Arrivée dans le jardin, elle regarda tout autour d'elle, sans apercevoir la moindre personne : tout cela était bien étrange, il aurait du y avoir de nombreux jardiniers s'affairant autour des rosiers et des haies du jardin. Il aurait dû aussi y avoir les deux vigiles auxquels sa mère confiait le devoir de protéger tout le manoir. Brume fit le tour de sa propriété plusieurs fois sans trouver ne serait-ce qu'une seule personne. Elle finit par s'asseoir sur un banc, peut-être que quelque chose se passerait. 

Effectivement, quelques minutes plus tard elle entendit un bruit, un frôlement de feuilles. Elle ne bougea pas et écouta. Elle entendit de nombreux autres bruits, lui indiquant que ce qui se déplaçait était bien une personne, et qui plus est, ne cherchait pas à se cacher. Au fur à mesure, Brume avait l'impression qu'il n' y avait pas une seule personne, mais bien deux, alors que les bruits de pas ne lui indiquait que seule une personne marchait. Elle sentit une présence féminine et joyeuse. L'autre présence lui semblait plus marquée par la vie, plus dure, mais gaie en ce moment présent. Elle lui paraissait aussi très familière. 

Les deux présences tournaient clairement autour d'elle mais sans se faire voir. Plus le temps passait, plus elle se fatiguait, et la situation n'avançait guère. Elle décida de remonter dans sa chambre se reposer. Ce qui commençait à être étrange, c'est que les présences la suivaient certes à distance, mais elles la suivaient. Elle rentra rapidement dans le manoir et ferma toutes les portes du rez-de-chaussée.

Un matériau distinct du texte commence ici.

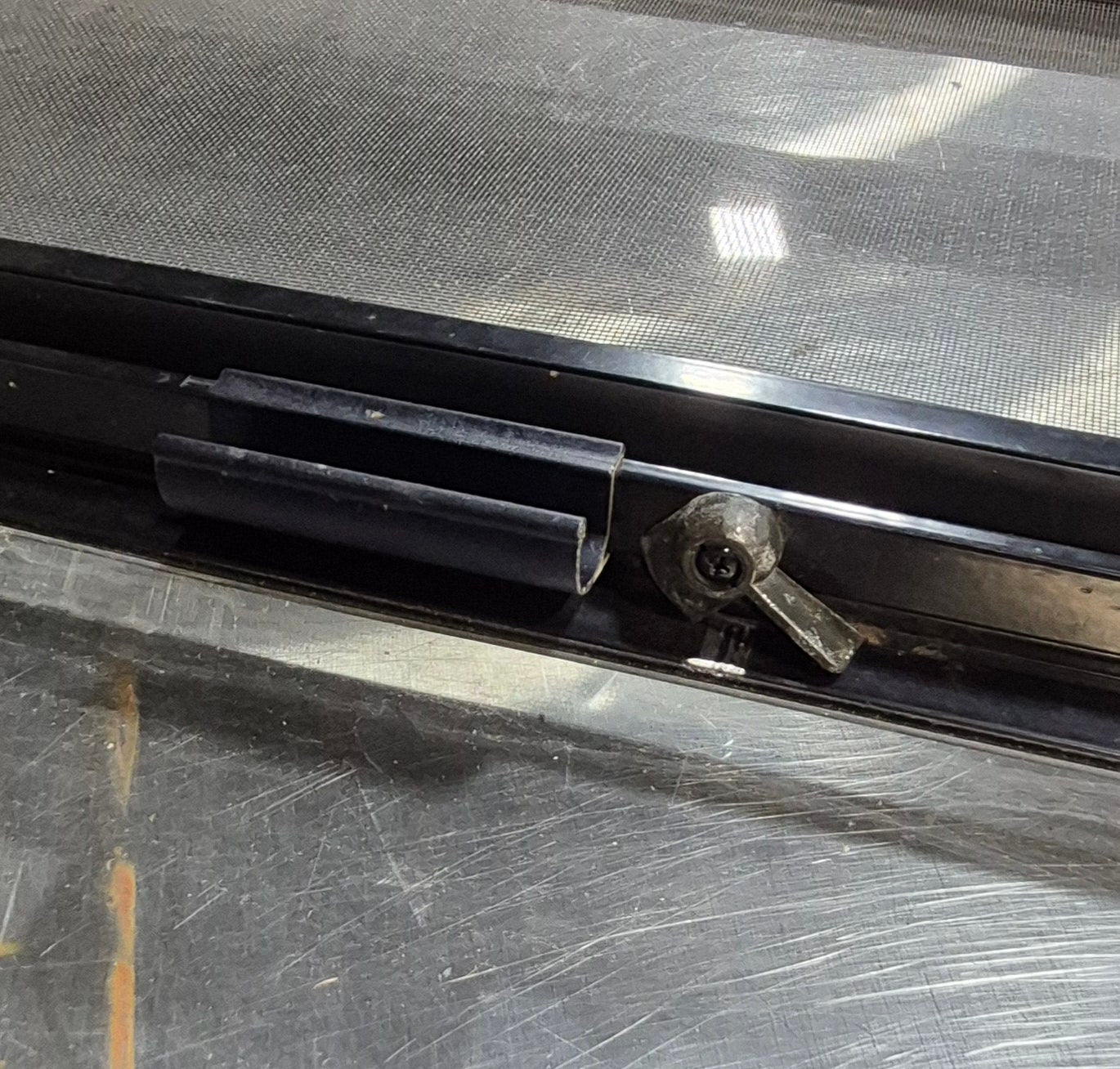 Used Black Radius Opening Window : 24 1/4" W x 25 3/4" H x 1 3/4" - Young Farts RV Parts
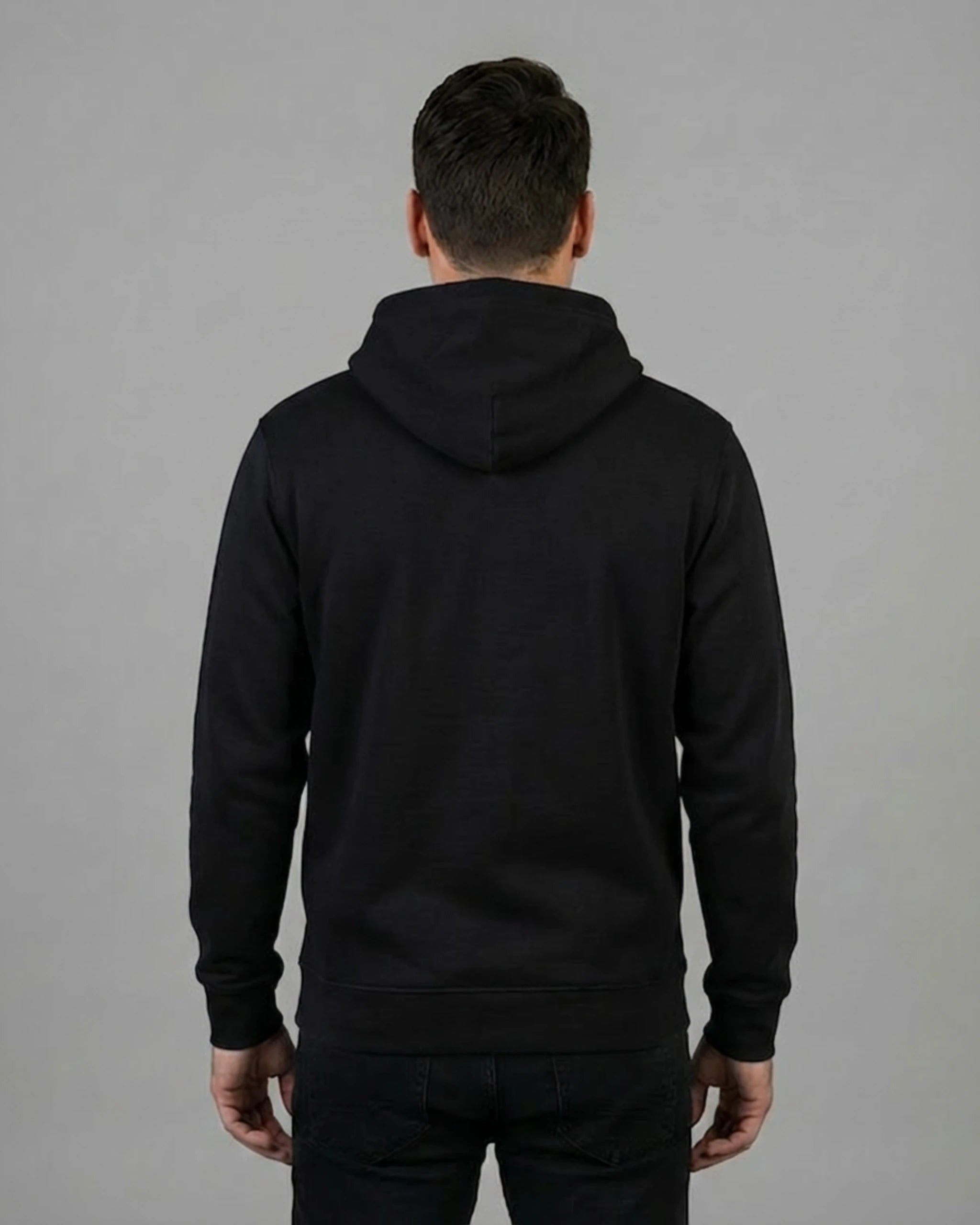Lama Del Rey Hoodie in klassischem Schwarz für Herren Rückenansicht - Fair Fashion Hoodie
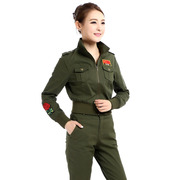 军绿套装女国旗水兵舞军绿弹力三件套户外休闲迷彩套装团购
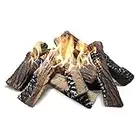 Large Gas Fireplace Logs, Set of 10 Ceramic Logs for Gas Fireplace, Artificial Realistic Firewood Logs, Indoor Outdoor Gas Logs for Fireplace Firepit, Ventless & Vent Free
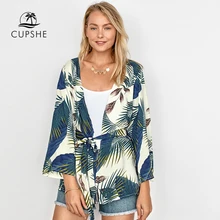 CUPSHE с принтом ладони, Короткое Кимоно, бикини, накидка с поясом, женский сексуальный халат, пляжный купальник, летняя пляжная одежда, туника, рубашка
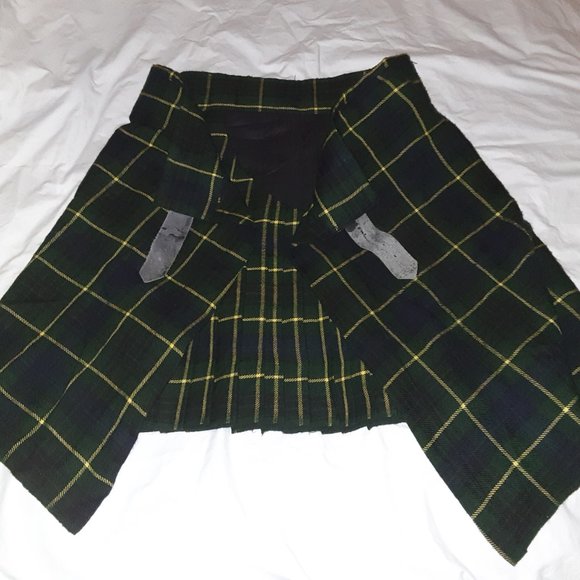 Scot Kilt Plaid, Modern Gordon Tartan: Green Blue Black Yellow, Ren Faire - Picture 7 of 14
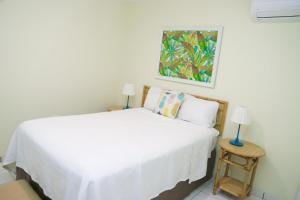 
a bedroom with a bed, a desk and a painting on the wall at Buena Vida Apartments in Rincon
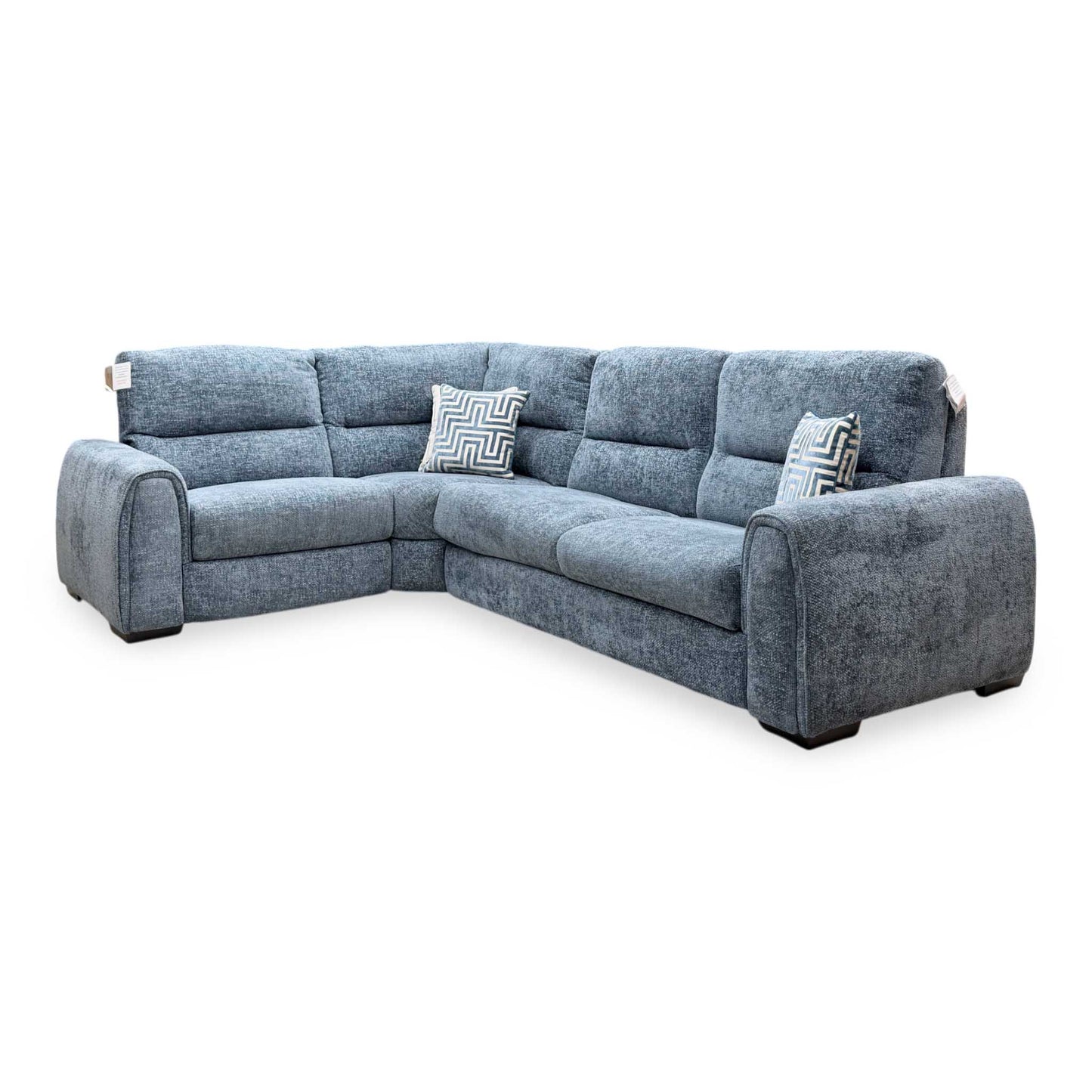 ‘Flex’ Fab-Coe-R303 Silverfish Blue Fabric Left Hand Facing Corner Sofa Bed with Storage Arm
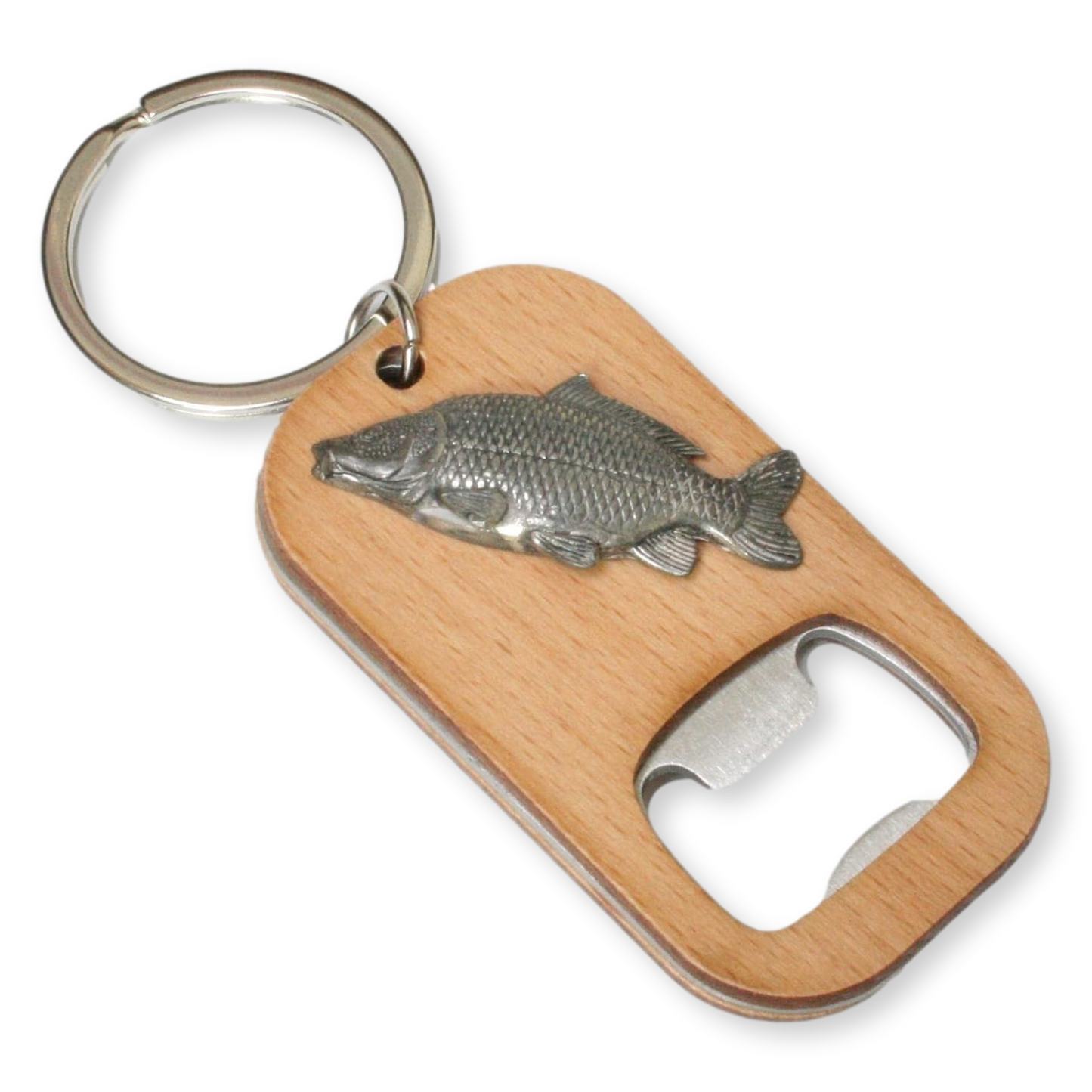 Coarse Fishing Wood & Steel Bottle Opener Keyring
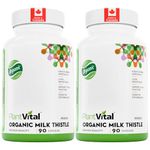 PlantVital Organic Milk Thistle Extract Capsules - Made in Canada - Vegan - 80% Silymarin Flavonoids - Can support liver function and digestive disturbances - Non-GMO - 6 Months Supply - 180 Capsules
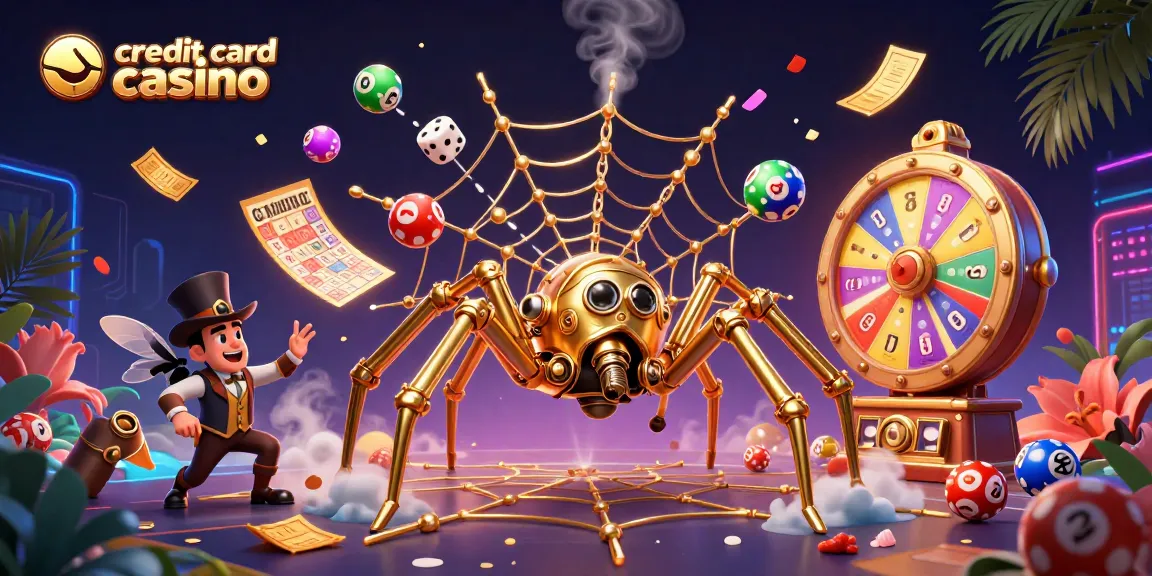 Catch thrilling action at a credit card casino with a steampunk spider and vibrant game elements.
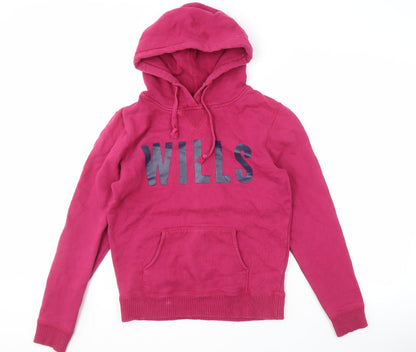 Womens UK Size 10 Jack Wills Pink Pullover Hoodie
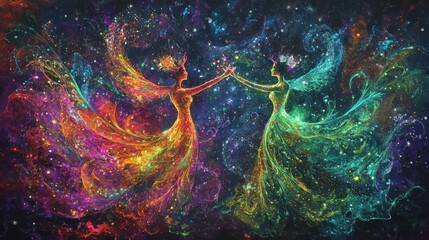 Ethereal cosmic dance between star-clad beings in vibrant celestial fantasy realm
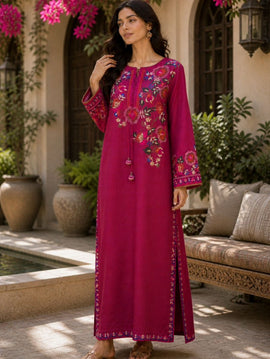 Tussel Silk Magenta  Kaftan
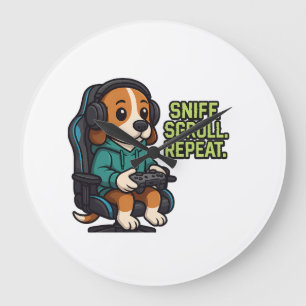Relógio Grande Moletom de desenho animado de Beagle para jogos, d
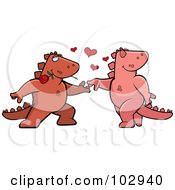 Poster, Art Print Of Romantic Dinosaur Couple Dancing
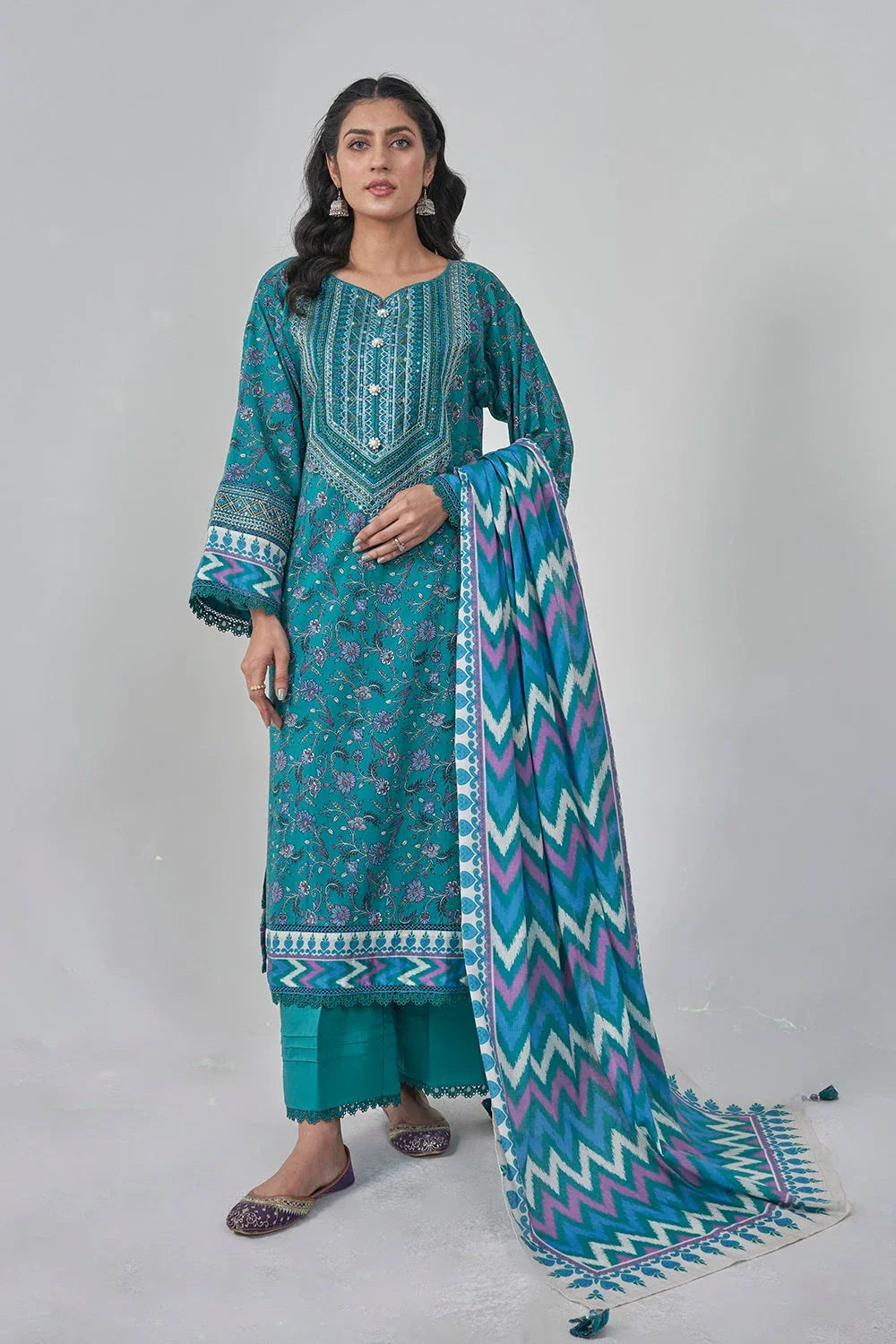 3PC Stitched Embroidered Lawn Suit KL-RTW-3075 KHAS STORES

Les présences avaient disparues. Brume ne savait pas si cette chose était rassurante ou en plus inquiétante. Dans sa chambre, Brume remarqua une lettre à côté des beignets qu'elle n'avait pas encore mangés. Même s'ils étaient froids, ils semblaient encore délicieux. Elle ouvrit alors la lettre et mangea un beignet en même temps : 

"Salut, tu dois te poser beaucoup de questions sur ces deux présences, non ? Eh bien, nous sommes juste derrière toi. Ne te retourne pas tu ne vas plus pouvoir bouger dans quelques secondes : j'ai mis un petit quelque chose dans tes beignets. Après si tu veux ne plus pouvoir bouger dans une position inconfortable, soit. Bref, tu dois te poser pleins de questions, comme cette deuxième présence familière ? Tu vas avoir des réponses dans peu de temps, ne t'en fait pas. En attendant, on va quitter cet endroit que tu n'aimes pas tellement que ça, n'est-ce pas ? ce ne sera pas aussi confortable que ton petit lit douillet mais bon, tu t'y feras ! Bon, on y va. 

On se rencontre demain." 

Brume vit bien son corps se raidir jusqu'à ce qu'il ne lui réponde plus. Deux personnes la prirent et un tunnel gris apparut devant ses yeux, comme si de rien n'était. La personne qui lui semblait avant familière eut l'air aussi impressionnée qu'elle. Et cette personne, ce n'était pas comme d'habitude, cette personne, sans qu'elle n'eut besoin qu'il se retourne, elle su que c'était un garçon.